**Task to carry out**: Only the lines from the one with "MCQ Instruments offers" to the end of the listing below should be set down, exactly as written and without any pictures.

**Provided data**:
__________

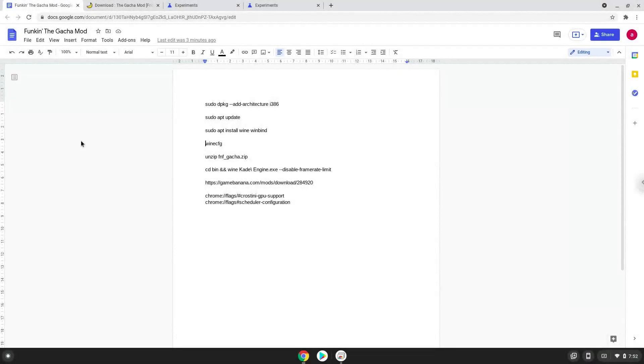Hello. Today we are looking at how to install Funk in the Gacha mod on a Chromebook. Please take note that you need a Chromebook with an Intel or AMD processor.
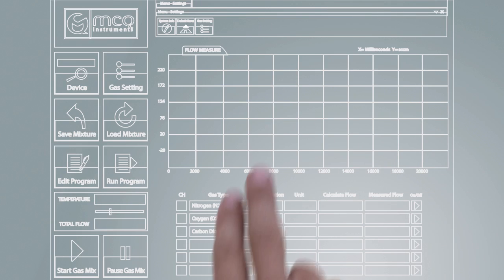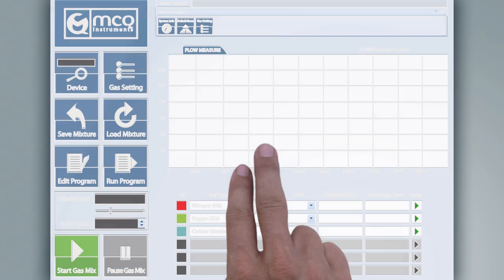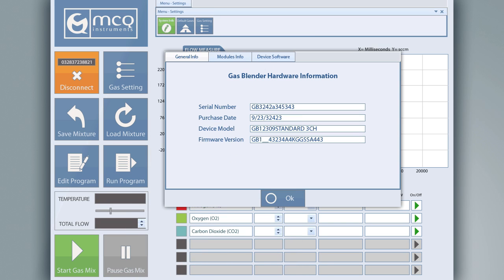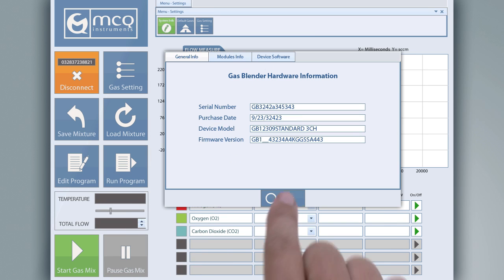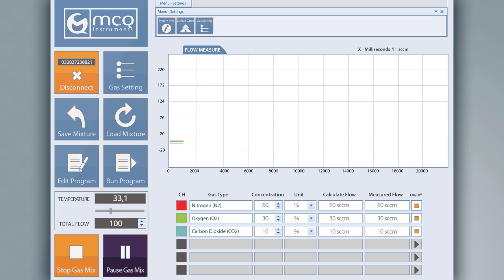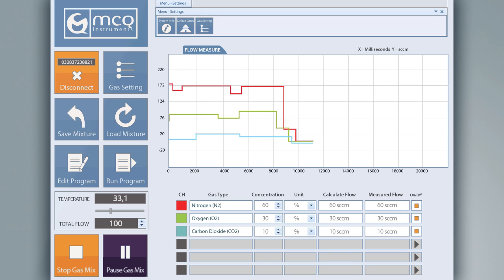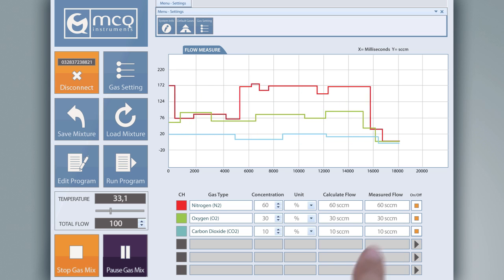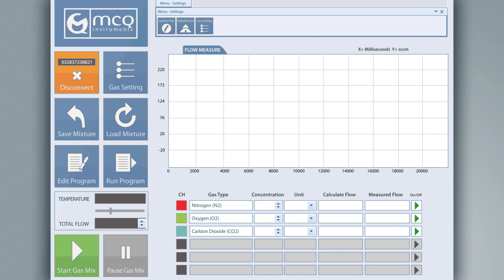MCQ Instruments offers an easy-to-use software solution developed in conjunction with extensive usability testing. The gas mixer software allows you to manage the mixing process by intervening directly on single channels to modify and control the final blending or dynamic dilution.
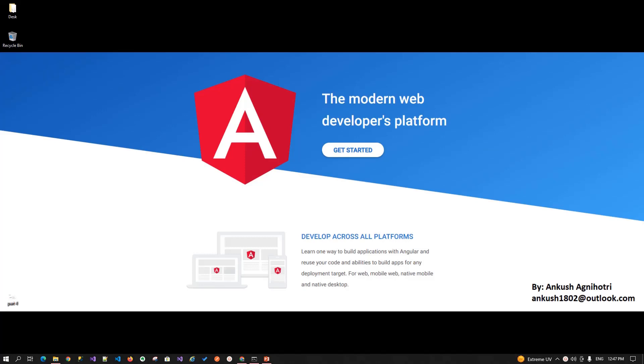Hello all, welcome back again. My name is Ankush Agni Uttari. Today we will continue our Angular journey. This is part 4 of it.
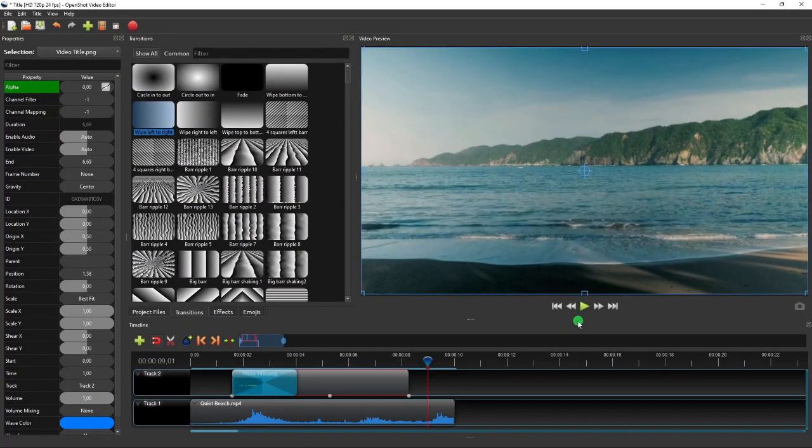Alright, so that's how easy it is to add video titles in OpenShot. I hope you find this tutorial useful, and thank you for watching.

__________

**Response to this exercise**:
MCQ Instruments offers an easy-to-use software solution developed in conjunction with extensive usability testing. The gas mixer software allows you to manage the mixing process by intervening directly on single channels to modify and control the final blending or dynamic dilution.
Hello all, welcome back again. My name is Ankush Agni Uttari. Today we will continue our Angular journey. This is part 4 of it.
Alright, so that's how easy it is to add video titles in OpenShot. I hope you find this tutorial useful, and thank you for watching.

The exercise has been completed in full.